No. The Douglas men that would join them would be proving themselves the fit recipients of all the odium and abuse that has been heaped upon them. Let us forever stand aloof, at least in a state of armed neutrality, from such an intolerant and proscriptive set of Jacobin conspirators. They have no lot or part with us. We wish to rally and preserve the Democracy and perpetuate its ascendancy, in order to save the Confederacy formed by our revolutionary fathers, and transmit it to our children. They, on the contrary, are trying to disrupt and defeat the Democracy, in order that a Black Republican may be elected, that the Union may be dissolved and that they, the leaders, may be put at the head of a Southern Confederacy.

Between such men and the National Democracy supporting Douglas and Johnson, there is and can be no sympathy whatever.
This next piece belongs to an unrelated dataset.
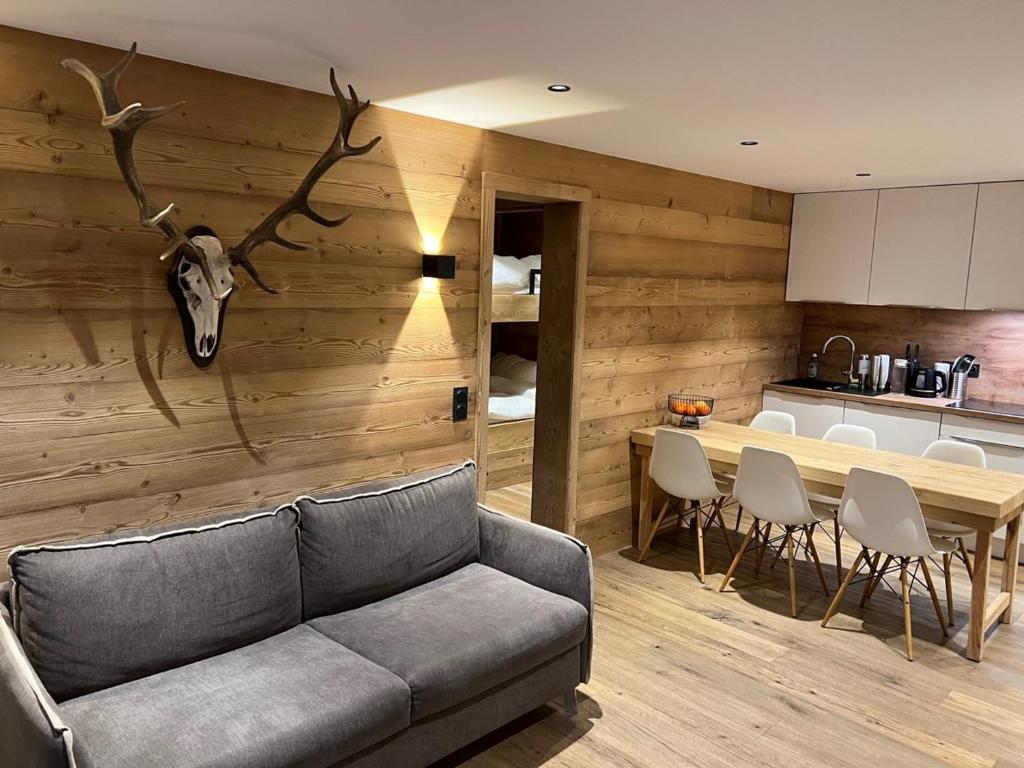 un salon avec un canapé et une table dans l'établissement Appartement avec terrasse pour 6 personnes proche pistes à La Clusaz - FR-1-459-199, à La Clusaz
We repudiate both the doctrines they teach and the men whom they put forth to disseminate them. We seek not their alliance and scorn their wooings. We have no doubt, now, that the recent elections have disclosed their utter imbecility, and inability to carry scarcely a single Southern State, that the National Democrats would be welcomed as marvelously clever fellows, if they would only "help me Cassius or I sink." But Cassius is going to let this Caesar sink this time certain and sure.

We hope, therefore, for the honor and respect of the party, that our friends in Virginia will not commit the great folly—the crime, of uniting their forces with the disorganizers of the Richmond Convention—the supporters of Breckinridge and Lane. If they do we hope, from the depths of our soul, that the ticket may be as disastrously beaten as it has just been in Kentucky. But we have no fear of it. We have every confidence that the National Democracy, of the Old Dominion, will preserve the organization of the party untarnished by any coalition with the sectional and disunion faction supporting the Breckinridge, Yancey and Rhett ticket. These men and their representatives, were declared to be outside of the party at Baltimore, and we hope no effort will be made to get them back. The people will rally to our standard sooner or later, and leave these disorganizers where they have ever mostly been, at home.